Was viel schlimmer wiegt und den Film auch komplett kaputt macht, ist die Tatsache, dass Mel Gibson den Film so ernst meint wie er ihn darstellt und sich dabei völlig in religiösem Pathos verliert, dass dieser teilweise lächerlich wirkt. Er verstrickt sich in naiv-religiöse Vorstellungen, differenziert in keiner Weise zwischen den z.T. völlig verschiedenen Evangelien, aus denen er sich je nach Belieben bedient. Hauptquelle bleibt für Mel Gibson bedauerlicherweise das Johannes-Evangelium, das der Historie am wenigsten nahe kommt. Ohne zynisch zu sein, es ist schön, dass Jesus in all seinem Leid am Kreuz noch die Zeit hat, einen Mitgekreuzigten zu trösten und seine Familienverhältnisse zu ordnen!

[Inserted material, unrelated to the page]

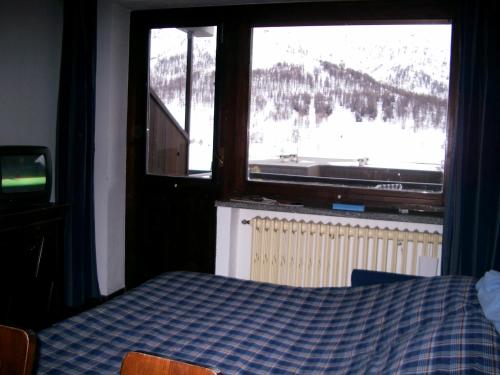 Giường trong phòng chung tại Sestriere @ Residence Palace 1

Die Bildgewalt der ersten Filmhälfte ist gar nicht schlecht, auch die Idee, Ereignisse aus Jesu Leben in Rückblenden in die Passion einzubinden, hat mir ganz gut gefallen, aber leider hat sich Mel Gibson in den Rückblenden darauf beschränkt, Sprüche Jesu aus dem Johannes-Evangelium einzubauen, so dass es wirkt, als ob Jesus sein Leben nur auf den Tod hin gelebt hat. Die hier zitierten Sprüche dürften auch weniger bibelfesten Zuschauern irgendwoher bekannt sein, auf jeden Fall lassen sie den Film zunehmend lächerlich wirken.

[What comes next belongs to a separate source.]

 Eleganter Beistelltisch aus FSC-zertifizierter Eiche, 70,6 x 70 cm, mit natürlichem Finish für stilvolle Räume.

Schlimm, ganz schlimm wird der Film mit Beginn des Kreuzweges. Hier wird der ganze Pathos, die ganze naive Hingabevorstellung Gibsons offenbar. Richtig gelacht habe ich dann das erste Mal, als Veronika Jesus das Schweißtuch reicht und danach Jesu Gesicht auf diesem zu sehen ist, toll, so zeigt Gibson gleich mal seine Version des Turiner Grabtuches, von dem seit Jahren klar ist, dass es wohl nicht echt ist und Jahrhunderte jünger ist. In der gleichen Szene muss Mel Gibson auch die Zuschauer, die schon am Abschalten sind, aus dem Sitz reißen, denn ein kurzer kleiner Schockeffekt lässt wohl jeden erschrecken, wenn der römische Soldat Veronika den Becher aus der Hand tritt, den sie Jesus reichen will. Toll!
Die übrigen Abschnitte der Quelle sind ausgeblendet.